# Specific 3D Printers, Scanners, & Hardware > Other 3D Printers / Scanners / Hardware > UP 3D Printers Forum >  UP makes Great Printers

## MakerTed

I must say that if it wasn't for my MakerBot, I would be purchasing one of UP's 3D printers.  I've seen these things in action, and they are as good if not better than other consumer priced 3D printers on the market.  Once I get board of my MakerBot I may just switch over.

Ted

----------


## Macflame

Yes they are great until you need replacement parts. Look how much a replacement controller board or extruder head will cost. https://isupply3d.com/UP-Printer-Sec...ement-extruder

----------


## Geoff

> I must say that if it wasn't for my MakerBot, I would be purchasing one of UP's 3D printers.  I've seen these things in action, and they are as good if not better than other consumer priced 3D printers on the market.  Once I get board of my MakerBot I may just switch over.
> 
> Ted


Just don't buy their filament, seriously.
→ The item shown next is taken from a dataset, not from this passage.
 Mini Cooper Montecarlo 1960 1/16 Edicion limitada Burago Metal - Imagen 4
Worst $200 I ever spent - never had such bad quality in so many rolls. 

Their printers have always been awesome, but they have not dropped their prices in forever..
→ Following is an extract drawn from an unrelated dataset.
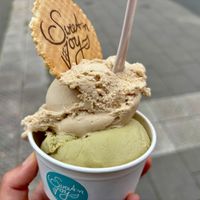 Hazelnut & pistachio at Sweet n joy  in Frankfurt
I went to the CEbit expo in 2012, the Up mini was $900... today, it's still the same price   :Frown:  or maybe give or take $20.

----------


## iDig3Dprinting

> Their printers have always been awesome, but they have not dropped their prices in forever..
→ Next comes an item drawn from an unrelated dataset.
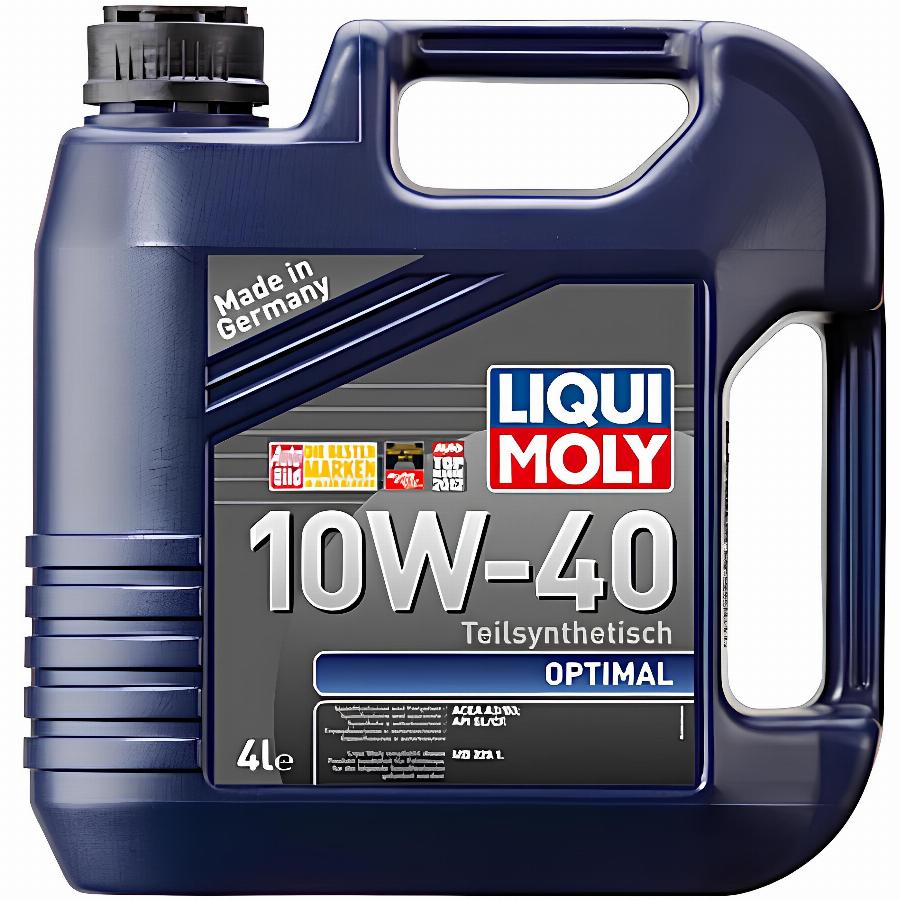 Масло моторное 10W40 LiquiMoly Optimal 4L 3930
Thats not strictly true, we are currently able to offer the UP plus 2 with a massive discount of about 39%! Which we would not be able to do if they hadn't dropped their prices. We also expect the UP mini to drop in price once they release the new up mini 2 this year.

----------


## curious aardvark

does look like a lot of money for something with 140x140x140 build volume.
the up mini 2 even smaller: 120x120x120.

----------


## iDig3Dprinting

> does look like a lot of money for something with 140x140x140 build volume


the Up Plus 2 is not the cheapest 3D printer you can get but it has one of the best reputations and is still on 3D hubs best 3D printers list (as the afinia H480), number 6 in fact  even though it has been around for a very long time. The reason is it is very reliable.

You get what you pay for.

----------


## Geoff

> You get what you pay for.


And sometimes you pay way too much for what you get.

----------


## curious aardvark

yepper, particularly when you consider the rep dual clones are now shipping from within the uk for really stupid money: 
http://www.ebay.co.uk/itm/2016-Upgra...8AAOSwoBtW4SzZ

£275 ! 
Mental. That's cheaper than the wanhao I3.

Think that's abotu half what i paid a couple years ago. And these are probably the most reliable workhorse printers yet made.
One reason so many people have copied them.

----------


## car3less

I have an Up plus 2 and it printed for one year and a half without problems. Then the CPU broke and the price that Tiertime gave me for the CPU was $400. I searched on forums and found a cheaper, compatible CPU and I repaired it with only $80. 

Now, we use it in the office with Simplify 3D, but the prints are still good quality, because the machine is built very, very well. 
Even if the original firmware is missing.

----------